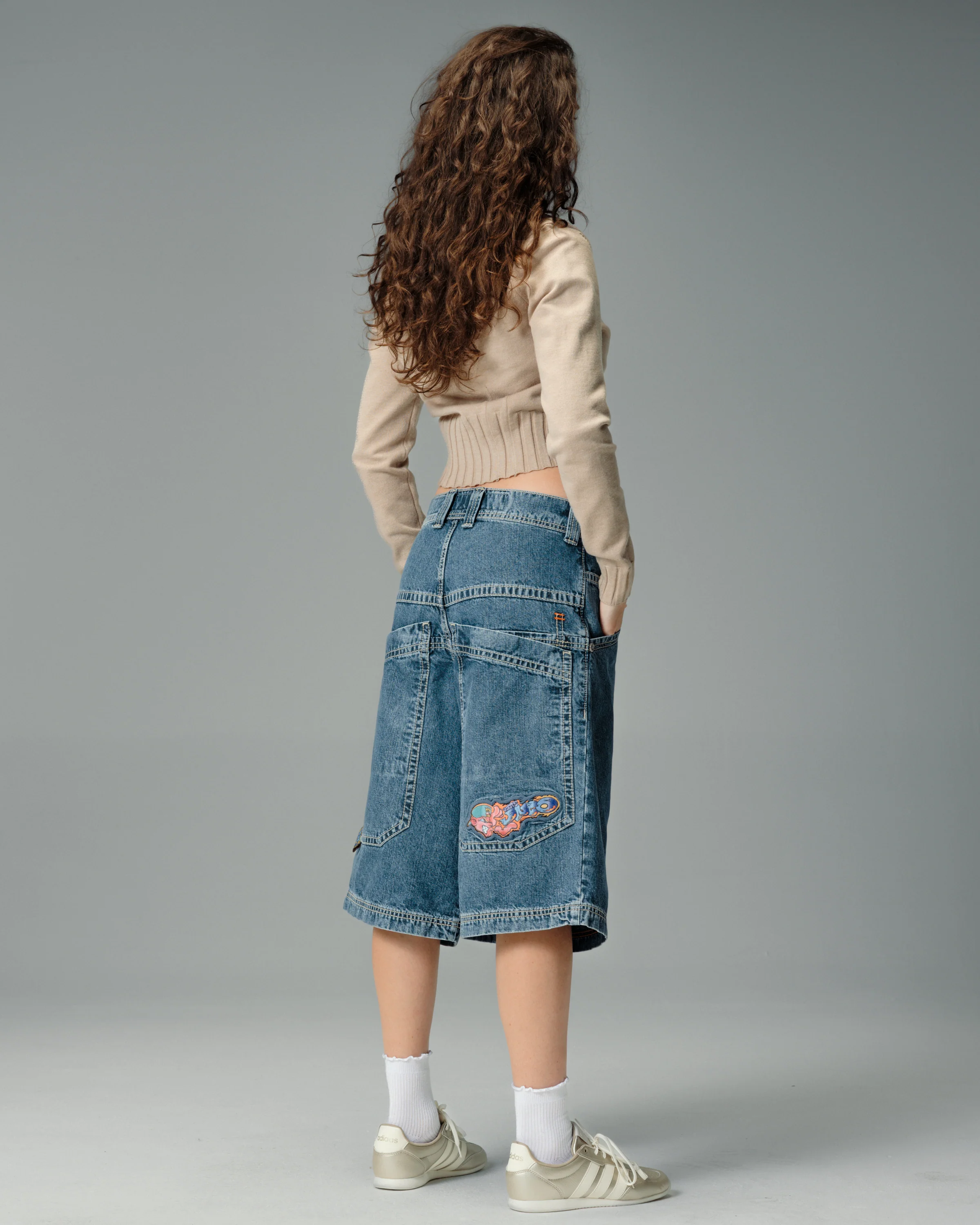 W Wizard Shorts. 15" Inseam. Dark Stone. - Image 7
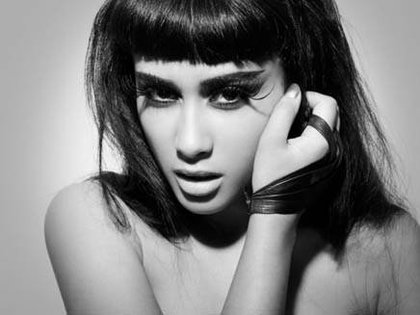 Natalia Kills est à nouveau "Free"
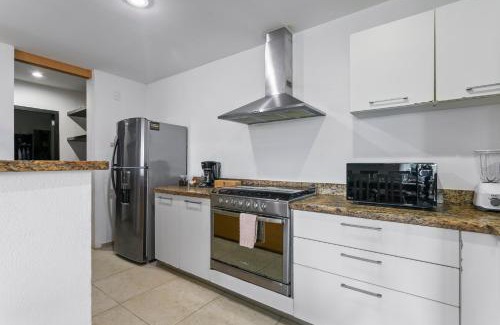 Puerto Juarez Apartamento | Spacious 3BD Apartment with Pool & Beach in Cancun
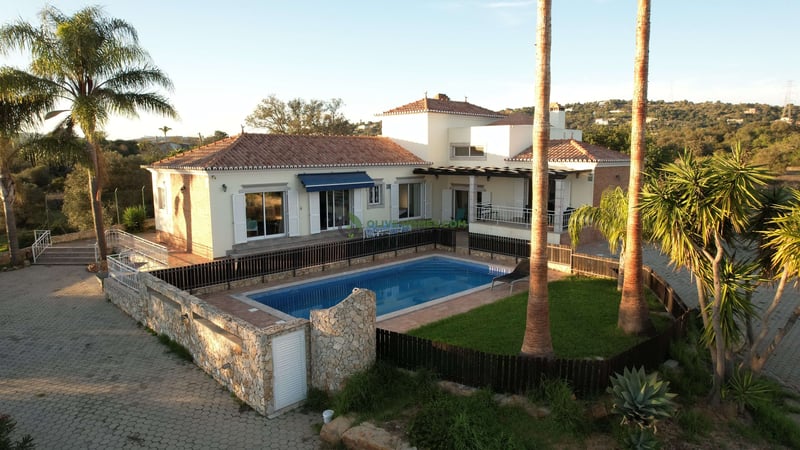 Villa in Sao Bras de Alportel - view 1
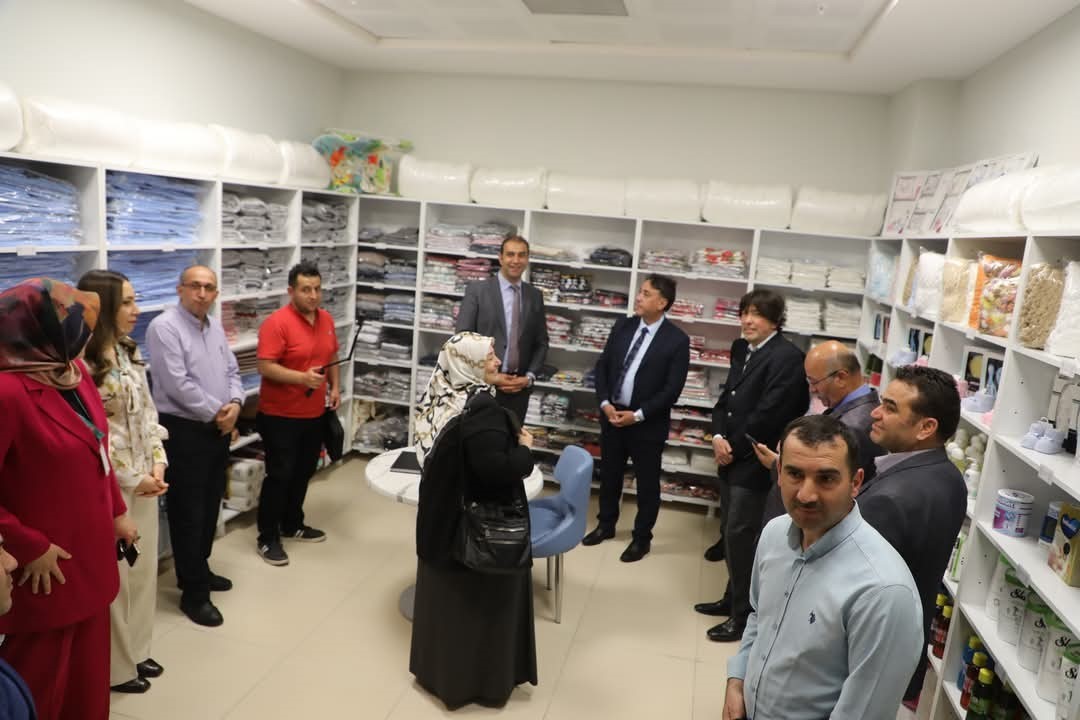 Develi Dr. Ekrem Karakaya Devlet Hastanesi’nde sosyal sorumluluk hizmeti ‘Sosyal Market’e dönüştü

○ ○ ○ ○ ○ ○ ○

Reproduce all the records verbatim, excluding images.

ANSWER TO THE PROBLEM:
 W Wizard Shorts. 15" Inseam. Dark Stone. - Image 7
 Natalia Kills est à nouveau "Free"
 Puerto Juarez Apartamento | Spacious 3BD Apartment with Pool & Beach in Cancun
 Villa in Sao Bras de Alportel - view 1
 Develi Dr. Ekrem Karakaya Devlet Hastanesi’nde sosyal sorumluluk hizmeti ‘Sosyal Market’e dönüştü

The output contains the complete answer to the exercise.